STUDY MATERIAL START

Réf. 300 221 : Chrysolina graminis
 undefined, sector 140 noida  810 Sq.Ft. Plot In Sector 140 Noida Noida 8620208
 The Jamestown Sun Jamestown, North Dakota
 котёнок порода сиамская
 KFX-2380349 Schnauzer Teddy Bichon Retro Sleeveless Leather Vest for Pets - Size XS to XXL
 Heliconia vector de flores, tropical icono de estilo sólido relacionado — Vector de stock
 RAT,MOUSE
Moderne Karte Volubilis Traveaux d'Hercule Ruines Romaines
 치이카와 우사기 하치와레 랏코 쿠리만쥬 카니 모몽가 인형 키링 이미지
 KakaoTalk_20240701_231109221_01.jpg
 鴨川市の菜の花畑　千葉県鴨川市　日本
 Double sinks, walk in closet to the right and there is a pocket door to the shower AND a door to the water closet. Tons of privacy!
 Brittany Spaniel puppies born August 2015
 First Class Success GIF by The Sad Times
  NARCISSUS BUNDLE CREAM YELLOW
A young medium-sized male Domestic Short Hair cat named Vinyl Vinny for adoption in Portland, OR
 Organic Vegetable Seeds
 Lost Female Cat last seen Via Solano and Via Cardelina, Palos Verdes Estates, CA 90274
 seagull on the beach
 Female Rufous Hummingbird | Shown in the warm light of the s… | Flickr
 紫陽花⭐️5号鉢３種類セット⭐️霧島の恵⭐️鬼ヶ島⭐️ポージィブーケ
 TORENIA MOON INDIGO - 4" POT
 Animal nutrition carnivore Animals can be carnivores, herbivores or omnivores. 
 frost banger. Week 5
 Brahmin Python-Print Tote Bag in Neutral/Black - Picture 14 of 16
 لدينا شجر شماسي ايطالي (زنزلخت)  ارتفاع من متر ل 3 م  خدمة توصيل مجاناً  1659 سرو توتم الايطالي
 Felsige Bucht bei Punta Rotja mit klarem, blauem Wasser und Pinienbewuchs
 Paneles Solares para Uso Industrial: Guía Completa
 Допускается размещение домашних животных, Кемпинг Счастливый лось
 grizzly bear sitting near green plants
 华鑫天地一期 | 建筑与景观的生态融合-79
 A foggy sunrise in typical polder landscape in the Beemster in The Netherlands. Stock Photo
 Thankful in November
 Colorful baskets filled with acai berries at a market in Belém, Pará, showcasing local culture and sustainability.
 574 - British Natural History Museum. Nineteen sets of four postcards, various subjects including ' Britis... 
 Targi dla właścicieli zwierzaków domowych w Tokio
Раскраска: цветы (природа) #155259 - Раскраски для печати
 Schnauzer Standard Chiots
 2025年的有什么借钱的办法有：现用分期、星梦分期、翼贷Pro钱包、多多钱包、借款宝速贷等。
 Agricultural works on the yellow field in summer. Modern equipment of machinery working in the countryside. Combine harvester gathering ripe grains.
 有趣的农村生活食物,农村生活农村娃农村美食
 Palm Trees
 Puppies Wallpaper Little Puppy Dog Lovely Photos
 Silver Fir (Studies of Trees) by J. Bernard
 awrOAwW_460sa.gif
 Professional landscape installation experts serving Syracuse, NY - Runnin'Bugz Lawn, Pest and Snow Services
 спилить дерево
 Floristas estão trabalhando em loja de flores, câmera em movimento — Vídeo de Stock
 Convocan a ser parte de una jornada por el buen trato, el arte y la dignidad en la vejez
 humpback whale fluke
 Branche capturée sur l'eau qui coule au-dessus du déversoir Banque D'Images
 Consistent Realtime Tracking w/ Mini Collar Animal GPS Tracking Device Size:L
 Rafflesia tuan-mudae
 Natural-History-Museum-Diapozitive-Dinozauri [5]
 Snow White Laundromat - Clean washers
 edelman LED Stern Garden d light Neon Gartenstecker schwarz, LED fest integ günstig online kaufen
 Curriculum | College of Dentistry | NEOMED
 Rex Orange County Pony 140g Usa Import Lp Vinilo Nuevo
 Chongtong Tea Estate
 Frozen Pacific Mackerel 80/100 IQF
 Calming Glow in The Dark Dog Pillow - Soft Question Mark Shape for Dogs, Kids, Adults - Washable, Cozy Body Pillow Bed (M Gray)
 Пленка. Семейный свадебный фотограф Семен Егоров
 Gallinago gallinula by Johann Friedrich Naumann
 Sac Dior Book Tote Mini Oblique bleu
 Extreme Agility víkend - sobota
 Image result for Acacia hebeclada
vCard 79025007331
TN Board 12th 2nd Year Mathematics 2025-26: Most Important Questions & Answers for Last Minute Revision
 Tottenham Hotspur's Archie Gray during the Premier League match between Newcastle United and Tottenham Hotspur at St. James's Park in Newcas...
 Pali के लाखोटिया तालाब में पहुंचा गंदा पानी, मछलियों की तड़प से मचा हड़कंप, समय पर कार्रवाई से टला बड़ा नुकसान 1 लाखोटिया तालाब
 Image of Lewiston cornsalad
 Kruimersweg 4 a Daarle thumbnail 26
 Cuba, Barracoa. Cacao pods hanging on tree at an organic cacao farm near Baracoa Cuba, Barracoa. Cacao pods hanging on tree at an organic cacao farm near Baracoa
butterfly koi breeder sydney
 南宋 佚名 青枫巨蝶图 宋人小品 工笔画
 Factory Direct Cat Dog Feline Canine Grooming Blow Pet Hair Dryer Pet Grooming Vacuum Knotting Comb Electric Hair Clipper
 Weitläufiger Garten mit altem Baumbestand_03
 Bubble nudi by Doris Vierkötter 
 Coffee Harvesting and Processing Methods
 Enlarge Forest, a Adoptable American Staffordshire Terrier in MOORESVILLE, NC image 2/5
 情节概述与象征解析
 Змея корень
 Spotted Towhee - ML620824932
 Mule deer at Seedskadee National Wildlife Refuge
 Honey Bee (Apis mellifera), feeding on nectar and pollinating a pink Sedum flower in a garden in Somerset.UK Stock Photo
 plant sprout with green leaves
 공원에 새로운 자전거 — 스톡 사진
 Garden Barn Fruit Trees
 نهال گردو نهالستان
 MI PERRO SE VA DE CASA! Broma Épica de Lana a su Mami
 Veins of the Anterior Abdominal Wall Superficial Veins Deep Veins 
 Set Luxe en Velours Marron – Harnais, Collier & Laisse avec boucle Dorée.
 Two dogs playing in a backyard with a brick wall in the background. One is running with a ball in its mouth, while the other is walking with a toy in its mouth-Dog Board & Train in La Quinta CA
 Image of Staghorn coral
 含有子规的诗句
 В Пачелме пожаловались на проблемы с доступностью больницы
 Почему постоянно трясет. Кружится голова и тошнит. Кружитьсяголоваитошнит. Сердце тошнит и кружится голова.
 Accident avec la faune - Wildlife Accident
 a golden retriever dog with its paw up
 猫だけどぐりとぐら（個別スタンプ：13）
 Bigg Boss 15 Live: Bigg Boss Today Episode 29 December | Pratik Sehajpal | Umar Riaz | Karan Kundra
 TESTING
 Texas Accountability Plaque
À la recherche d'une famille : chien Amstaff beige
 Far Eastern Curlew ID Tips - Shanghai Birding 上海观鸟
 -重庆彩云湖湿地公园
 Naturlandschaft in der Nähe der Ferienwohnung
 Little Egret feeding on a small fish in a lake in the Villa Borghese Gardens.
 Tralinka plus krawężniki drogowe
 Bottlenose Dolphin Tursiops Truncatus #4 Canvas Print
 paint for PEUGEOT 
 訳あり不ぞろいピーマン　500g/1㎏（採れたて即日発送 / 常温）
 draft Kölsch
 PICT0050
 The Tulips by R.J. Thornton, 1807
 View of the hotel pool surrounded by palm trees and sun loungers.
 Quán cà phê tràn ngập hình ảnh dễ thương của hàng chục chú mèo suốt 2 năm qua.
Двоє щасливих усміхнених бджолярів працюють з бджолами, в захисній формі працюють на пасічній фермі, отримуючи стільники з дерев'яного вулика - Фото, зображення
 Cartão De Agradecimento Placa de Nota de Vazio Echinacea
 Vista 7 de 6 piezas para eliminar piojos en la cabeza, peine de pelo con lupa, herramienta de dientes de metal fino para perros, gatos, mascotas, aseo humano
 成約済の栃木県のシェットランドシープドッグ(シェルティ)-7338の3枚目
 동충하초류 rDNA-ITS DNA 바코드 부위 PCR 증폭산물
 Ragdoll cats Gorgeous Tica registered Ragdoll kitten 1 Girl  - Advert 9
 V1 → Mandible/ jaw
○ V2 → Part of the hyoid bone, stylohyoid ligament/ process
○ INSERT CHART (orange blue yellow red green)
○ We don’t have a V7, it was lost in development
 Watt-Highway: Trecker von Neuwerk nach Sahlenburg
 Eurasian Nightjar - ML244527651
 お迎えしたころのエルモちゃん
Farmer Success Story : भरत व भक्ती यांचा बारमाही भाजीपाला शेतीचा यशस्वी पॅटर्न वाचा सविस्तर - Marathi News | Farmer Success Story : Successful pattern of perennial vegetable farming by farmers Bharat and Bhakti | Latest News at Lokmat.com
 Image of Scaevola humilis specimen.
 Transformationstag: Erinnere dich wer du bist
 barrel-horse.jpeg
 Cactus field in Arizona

STUDY MATERIAL END

Would you transcribe, exactly, the lines running from the one that contains "Bottlenose Dolphin Tursiops" through the final line of the listing above? Include both ends and nothing else.

 Bottlenose Dolphin Tursiops Truncatus #4 Canvas Print
 paint for PEUGEOT 
 訳あり不ぞろいピーマン　500g/1㎏（採れたて即日発送 / 常温）
 draft Kölsch
 PICT0050
 The Tulips by R.J. Thornton, 1807
 View of the hotel pool surrounded by palm trees and sun loungers.
 Quán cà phê tràn ngập hình ảnh dễ thương của hàng chục chú mèo suốt 2 năm qua.
Двоє щасливих усміхнених бджолярів працюють з бджолами, в захисній формі працюють на пасічній фермі, отримуючи стільники з дерев'яного вулика - Фото, зображення
 Cartão De Agradecimento Placa de Nota de Vazio Echinacea
 Vista 7 de 6 piezas para eliminar piojos en la cabeza, peine de pelo con lupa, herramienta de dientes de metal fino para perros, gatos, mascotas, aseo humano
 成約済の栃木県のシェットランドシープドッグ(シェルティ)-7338の3枚目
 동충하초류 rDNA-ITS DNA 바코드 부위 PCR 증폭산물
 Ragdoll cats Gorgeous Tica registered Ragdoll kitten 1 Girl  - Advert 9
 V1 → Mandible/ jaw
○ V2 → Part of the hyoid bone, stylohyoid ligament/ process
○ INSERT CHART (orange blue yellow red green)
○ We don’t have a V7, it was lost in development
 Watt-Highway: Trecker von Neuwerk nach Sahlenburg
 Eurasian Nightjar - ML244527651
 お迎えしたころのエルモちゃん
Farmer Success Story : भरत व भक्ती यांचा बारमाही भाजीपाला शेतीचा यशस्वी पॅटर्न वाचा सविस्तर - Marathi News | Farmer Success Story : Successful pattern of perennial vegetable farming by farmers Bharat and Bhakti | Latest News at Lokmat.com
 Image of Scaevola humilis specimen.
 Transformationstag: Erinnere dich wer du bist
 barrel-horse.jpeg
 Cactus field in Arizona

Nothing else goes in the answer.